The Supreme Court has left the Senator Pedro Sanginés, of the Canarian coalition, accused of false denouncing a businessman in 2009, when the parliamentarian presided over the insular council of Lanzarote. The decision comes after the Prosecutor’s Office resorted to the case file, which is now waiting for the parties to present their accusation writings.
The case against the Canarian coalition senator arrived at the Supreme Court in February 2024. He is accused of going in 2009 to police units of Costa Teguise and denouncing irregularities in a public hiring process. Acts that, the Prosecutor’s Office said, were false: he acted “with the intention of missing the objective truth, and with manifest contempt for it” and ratified his lies, according to the Prosecutor’s Office, in judicial headquarters after swearing or promising to tell the truth.

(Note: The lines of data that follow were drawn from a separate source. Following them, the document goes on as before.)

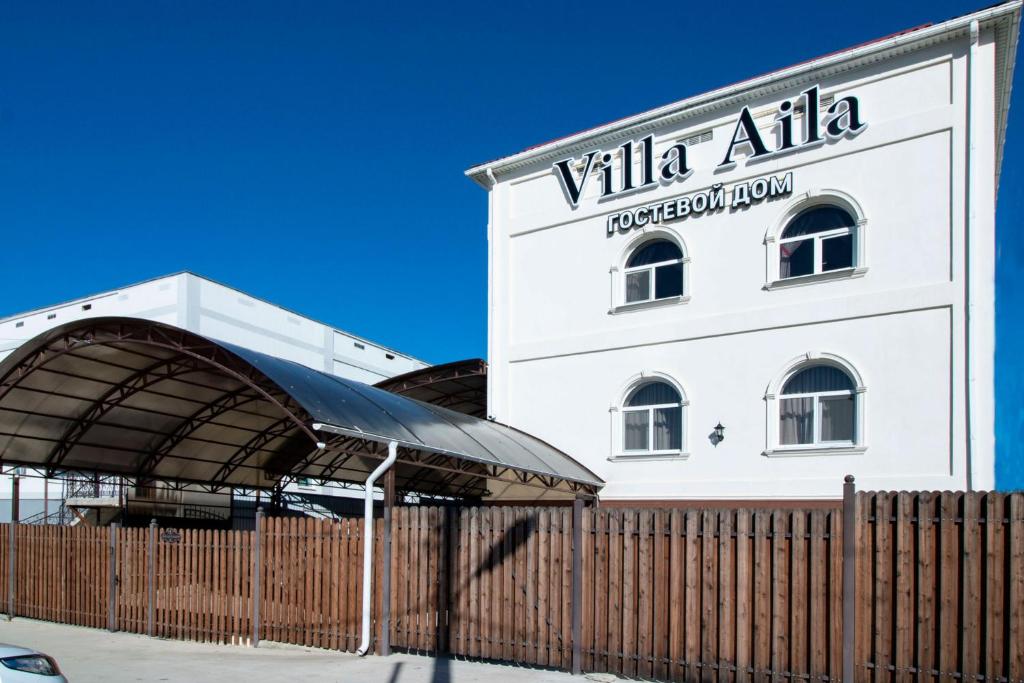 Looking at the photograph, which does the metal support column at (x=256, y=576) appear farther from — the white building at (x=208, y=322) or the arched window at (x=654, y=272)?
the white building at (x=208, y=322)

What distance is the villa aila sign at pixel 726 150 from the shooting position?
15391mm

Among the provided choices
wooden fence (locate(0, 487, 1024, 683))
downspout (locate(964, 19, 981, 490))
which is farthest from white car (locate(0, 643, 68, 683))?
downspout (locate(964, 19, 981, 490))

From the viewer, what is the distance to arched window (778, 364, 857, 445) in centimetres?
1473

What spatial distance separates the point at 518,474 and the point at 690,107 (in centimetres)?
812

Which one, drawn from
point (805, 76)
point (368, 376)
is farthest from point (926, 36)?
point (368, 376)

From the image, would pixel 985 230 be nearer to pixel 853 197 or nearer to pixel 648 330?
pixel 853 197

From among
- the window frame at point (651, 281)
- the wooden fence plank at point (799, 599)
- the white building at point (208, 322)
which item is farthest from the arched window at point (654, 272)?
the white building at point (208, 322)

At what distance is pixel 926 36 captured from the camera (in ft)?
47.3

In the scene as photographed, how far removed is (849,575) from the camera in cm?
856

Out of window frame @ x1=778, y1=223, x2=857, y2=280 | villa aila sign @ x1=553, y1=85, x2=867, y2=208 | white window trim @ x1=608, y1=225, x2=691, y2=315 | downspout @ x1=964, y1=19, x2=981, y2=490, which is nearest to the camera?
downspout @ x1=964, y1=19, x2=981, y2=490

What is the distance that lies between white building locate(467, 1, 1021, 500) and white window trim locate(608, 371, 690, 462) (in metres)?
0.04

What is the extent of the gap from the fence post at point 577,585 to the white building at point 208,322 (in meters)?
28.1

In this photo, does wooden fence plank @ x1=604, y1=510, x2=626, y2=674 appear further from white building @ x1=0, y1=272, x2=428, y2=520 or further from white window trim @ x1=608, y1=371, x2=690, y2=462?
white building @ x1=0, y1=272, x2=428, y2=520

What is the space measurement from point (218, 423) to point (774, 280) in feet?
48.0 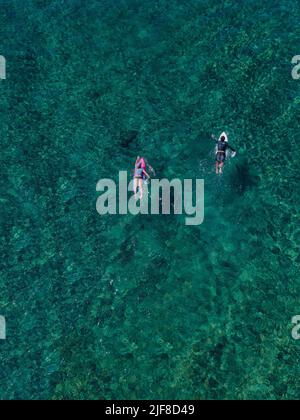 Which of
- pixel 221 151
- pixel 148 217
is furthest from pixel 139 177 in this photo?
pixel 221 151

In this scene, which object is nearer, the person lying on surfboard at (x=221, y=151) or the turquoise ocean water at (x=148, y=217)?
the turquoise ocean water at (x=148, y=217)

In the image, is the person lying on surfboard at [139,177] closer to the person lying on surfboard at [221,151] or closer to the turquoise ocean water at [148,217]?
the turquoise ocean water at [148,217]

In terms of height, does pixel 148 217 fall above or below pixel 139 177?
below

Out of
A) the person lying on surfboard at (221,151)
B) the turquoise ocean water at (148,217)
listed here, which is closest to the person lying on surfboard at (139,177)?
the turquoise ocean water at (148,217)

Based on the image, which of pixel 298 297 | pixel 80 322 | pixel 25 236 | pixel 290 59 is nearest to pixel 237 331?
pixel 298 297

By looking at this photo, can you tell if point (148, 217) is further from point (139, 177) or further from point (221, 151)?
point (221, 151)

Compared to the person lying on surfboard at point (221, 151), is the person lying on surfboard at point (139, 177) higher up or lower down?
lower down

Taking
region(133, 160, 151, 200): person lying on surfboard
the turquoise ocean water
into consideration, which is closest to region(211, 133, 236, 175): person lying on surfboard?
the turquoise ocean water

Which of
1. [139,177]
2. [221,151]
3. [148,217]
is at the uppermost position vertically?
[221,151] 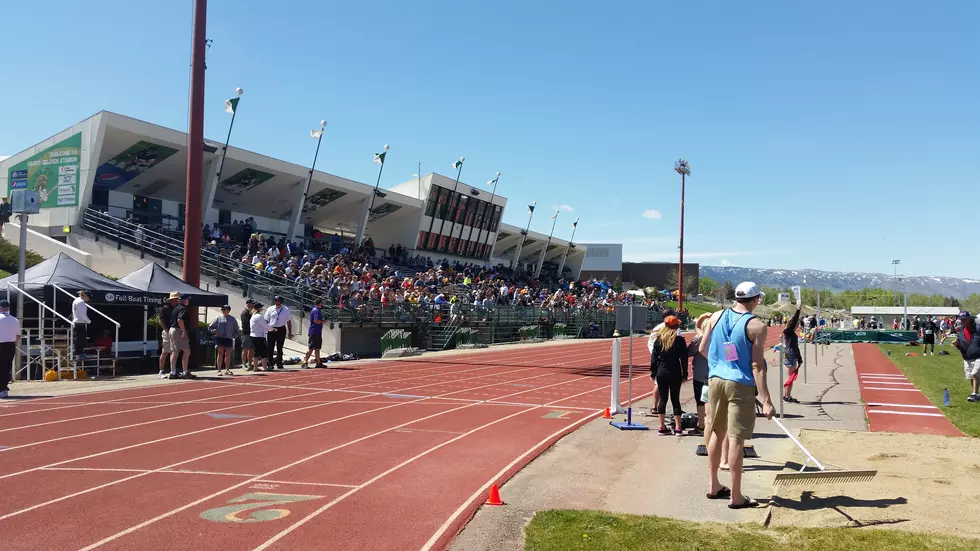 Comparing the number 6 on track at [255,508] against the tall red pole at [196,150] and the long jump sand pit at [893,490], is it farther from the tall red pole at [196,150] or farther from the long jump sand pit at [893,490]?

That day, at the police station, he pointed to an entrepreneur in the reform sector as responsible for those alleged irregularities. A Arrecife Court opened a case and the senator today ratified in judicial headquarters, forced to tell the truth as a witness, its version of the facts. He did, says the Prosecutor’s Office, “missing the objective truth.” He did the same again eight years later, in October 2019, maintaining his charges.
That cause was ended by filing in November of that year, and then the performances headed against him. At first, the supreme chose to file the case but the criminal hall urged its reopening and the last movement of the instructor has been to issue an abbreviated procedure against him and propose to be judged after the prosecution of the Prosecutor’s Office and the private prosecution prospered.